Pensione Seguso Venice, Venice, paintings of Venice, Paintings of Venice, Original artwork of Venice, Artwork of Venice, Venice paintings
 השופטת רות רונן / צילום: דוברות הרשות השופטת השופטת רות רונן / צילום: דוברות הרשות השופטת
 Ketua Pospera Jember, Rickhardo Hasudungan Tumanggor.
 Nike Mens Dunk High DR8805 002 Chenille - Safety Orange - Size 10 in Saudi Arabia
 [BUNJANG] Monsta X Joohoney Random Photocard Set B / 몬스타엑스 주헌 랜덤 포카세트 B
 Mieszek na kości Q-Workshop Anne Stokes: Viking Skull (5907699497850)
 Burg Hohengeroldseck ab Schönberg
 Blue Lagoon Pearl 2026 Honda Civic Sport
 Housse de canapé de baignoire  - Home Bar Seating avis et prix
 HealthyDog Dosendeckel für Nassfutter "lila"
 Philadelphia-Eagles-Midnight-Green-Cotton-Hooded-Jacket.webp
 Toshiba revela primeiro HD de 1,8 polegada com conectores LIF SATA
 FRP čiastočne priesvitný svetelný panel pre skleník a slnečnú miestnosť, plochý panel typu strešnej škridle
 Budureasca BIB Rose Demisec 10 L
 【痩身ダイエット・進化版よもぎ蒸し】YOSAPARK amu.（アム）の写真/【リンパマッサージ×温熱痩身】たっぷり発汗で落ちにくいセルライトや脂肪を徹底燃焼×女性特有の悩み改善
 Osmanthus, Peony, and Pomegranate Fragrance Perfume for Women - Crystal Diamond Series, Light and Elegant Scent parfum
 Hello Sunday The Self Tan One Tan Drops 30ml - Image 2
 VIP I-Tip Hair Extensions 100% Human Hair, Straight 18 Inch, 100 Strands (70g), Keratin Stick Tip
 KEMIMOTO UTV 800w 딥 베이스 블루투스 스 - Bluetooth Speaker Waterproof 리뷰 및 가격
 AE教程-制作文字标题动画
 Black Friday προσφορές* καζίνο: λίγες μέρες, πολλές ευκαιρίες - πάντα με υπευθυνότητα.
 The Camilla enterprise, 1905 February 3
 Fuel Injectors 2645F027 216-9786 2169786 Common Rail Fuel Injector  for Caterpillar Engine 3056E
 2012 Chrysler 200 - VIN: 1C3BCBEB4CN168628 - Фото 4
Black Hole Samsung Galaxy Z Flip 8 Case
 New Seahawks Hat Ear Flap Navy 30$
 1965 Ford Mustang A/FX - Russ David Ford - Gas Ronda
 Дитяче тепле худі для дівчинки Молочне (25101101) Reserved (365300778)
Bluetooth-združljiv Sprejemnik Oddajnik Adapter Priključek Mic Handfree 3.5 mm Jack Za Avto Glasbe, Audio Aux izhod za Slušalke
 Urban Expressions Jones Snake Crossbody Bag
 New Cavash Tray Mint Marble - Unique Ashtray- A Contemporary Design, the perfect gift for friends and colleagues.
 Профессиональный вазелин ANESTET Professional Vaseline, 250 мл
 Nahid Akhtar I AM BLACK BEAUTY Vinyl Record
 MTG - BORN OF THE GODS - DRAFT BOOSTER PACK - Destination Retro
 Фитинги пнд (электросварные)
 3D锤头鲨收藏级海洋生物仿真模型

*WHAT IS REQUIRED*
Everything above from the line with "השופטת רות רונן / צילום: דוברות הרשות השופטת השופטת" to the line with "Mieszek na kości", both included, must be repeated exactly, and nothing outside that range.

*WRITTEN ANSWER*
 השופטת רות רונן / צילום: דוברות הרשות השופטת השופטת רות רונן / צילום: דוברות הרשות השופטת
 Ketua Pospera Jember, Rickhardo Hasudungan Tumanggor.
 Nike Mens Dunk High DR8805 002 Chenille - Safety Orange - Size 10 in Saudi Arabia
 [BUNJANG] Monsta X Joohoney Random Photocard Set B / 몬스타엑스 주헌 랜덤 포카세트 B
 Mieszek na kości Q-Workshop Anne Stokes: Viking Skull (5907699497850)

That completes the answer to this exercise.